For that alone, the establishment of a democratic transition process "intelligent and innovative" becomes
increasingly urgent and beneficial for the country's future.

Yet innovation, even cemented by Democracy sometimes encountered resistance from some minds clearly retrograde
apply a doctrine, indeed, simplistic, but is extremely effective when it is maintained and driven by those who have made
a specialty of support and accompany the worst dictatorships.

In The Gambia, like other countries living the same situation, these retrograde minds come together and form a sort of
oligarchy who lived off the various succeeding nomenklatura in power. Their selfish vision of the world boils down to
crass material satisfaction of their existence. They have virtually no spirit of brotherhood and equality, if not vis-à-vis
those who resemble them and maintain the same state of mind them. They are predators for the rest of the population,
they feed, poison and weaken their venom, using her to climb to the top of society while grabbing everything that could
maintain and strengthen their power.

In the case of The Gambia, it is a historical fact that the oligarchy has been installed in the capital and in
Kanilai
, close to the power. It has large means, including financial and media. The two together form the cornerstone of
their defence strategy and attack. From a numerical point of view, they are a minority, but because of the configuration
of Gambian society which is characterized by several ditches abyssal between the most privileged and the poor,
particularly with regard to the dissemination of information, culture and education, they can provide almost unlimited
domination.

However, if we give the people the opportunity to build a united force, conscious of his own value, its own power, it will
be seen that it is not only capable of self-determination, but that in addition, it can reverse a situation which hitherto
seemed immutable.

It is the role befell those who now strive to implement the necessary and beneficial process of democratic transition. Like
any large company, it is imperative to adopt some strategies to ensure success, especially when we face so broken
entities to false pretences, lies, and cynicism in all its forms.

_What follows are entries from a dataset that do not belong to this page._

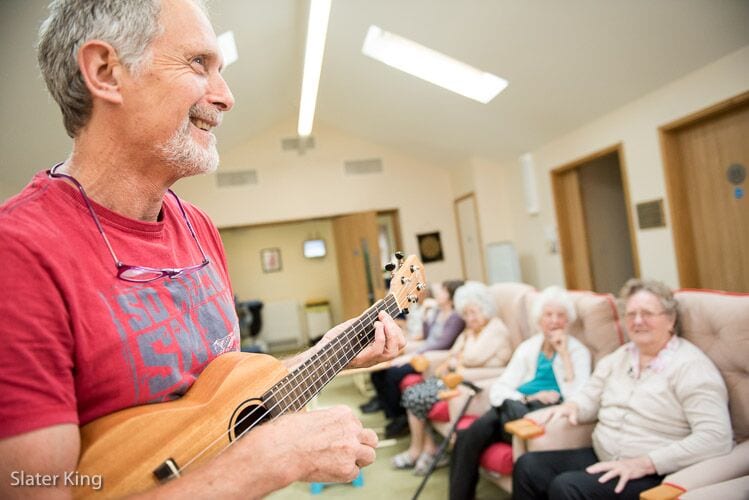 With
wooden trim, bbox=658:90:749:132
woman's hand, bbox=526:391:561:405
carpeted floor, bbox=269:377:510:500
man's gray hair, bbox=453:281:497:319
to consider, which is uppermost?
wooden trim, bbox=658:90:749:132

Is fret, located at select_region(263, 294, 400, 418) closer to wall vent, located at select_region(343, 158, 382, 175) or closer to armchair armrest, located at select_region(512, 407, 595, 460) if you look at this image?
armchair armrest, located at select_region(512, 407, 595, 460)

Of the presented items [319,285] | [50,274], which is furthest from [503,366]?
[319,285]

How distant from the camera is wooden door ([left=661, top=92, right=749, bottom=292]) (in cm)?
362

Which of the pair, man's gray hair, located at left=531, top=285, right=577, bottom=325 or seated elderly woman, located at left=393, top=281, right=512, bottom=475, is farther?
seated elderly woman, located at left=393, top=281, right=512, bottom=475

Today we will discuss some ideas to complete this goal, and for that, we will partly build on the analysis of the
Cameroonian politician, Djeukam Tchameni, on strategies to be adopted by a people facing a dictatorial system that
aspires to liberation.

I. The need for Strategic Planning

In the past, The Gambia has seen several protests more or less spontaneous. This was the attempt of coup d'état in
1981,with Mr Koukoie Sanyang and most recently in 2009 with the General Lang Tombong Tamba. Their common point
is that they have always been the result of a blocked situation that pitted a power side and its supporters - including the
oligarchy which we quoted above - and on the other, the vast majority formed essentially of the population who suffer
the yoke of the ruling nomenklatura whose speech was and remains invariably the same from a dictatorial regime to
another: Whatever we do, we always do for the general interest. The results are not yet visible or perceptible, let us
more time, the next 10 or 20 years, you will be thankful. In the meantime, let us govern in peace, we know what is good
for you and what is not!

Almost cyclical resurgence of these situations "crisis" that gradually moved a form of fatalism that negates any spirit of
resistance and desire for profound change. The first victim is the people that makes you solely responsible for all evils.

This phenomenon is amplified since the latest national crisis trough the executions in august 2012. Because even if the
desire was great to get rid of the dictatorship maintained it is not the disappointment is even greater than, under the
governance of Yaya JAMMEH.

The style is certainly different, more modern, more direct, more pragmatic, but it has other objectives that ultimately
maintain a dictatorship more sophisticated than the last; sometimes difficult to identify, which subjugates more a,
numbing the minds weaker, and in the same vein as that encountered in other countries led by the same type of
plutocrat, converts to neo conservatism unbridled, practicing a brutal policy, made exclusion and predation diverse and
varied.

In view of these brakes, so it is good to know before trying undertake an uprising against a dictatorial regime, it becomes
imperative to assess, first, and carefully all the options, determine responsiveness lucidly the people and the opportunity
of each action to be taken.

Reminder: The word strategy is the military jargon. For centuries, the senior officers have used strategic planning
before conducting military campaigns, and thinkers such as Sun Tzu or Clausewitz analysed and improved military
strategy. "Developing a strategy" means assessing the overall situation of conflict in order to determine the best use of
all available resources to achieve victory.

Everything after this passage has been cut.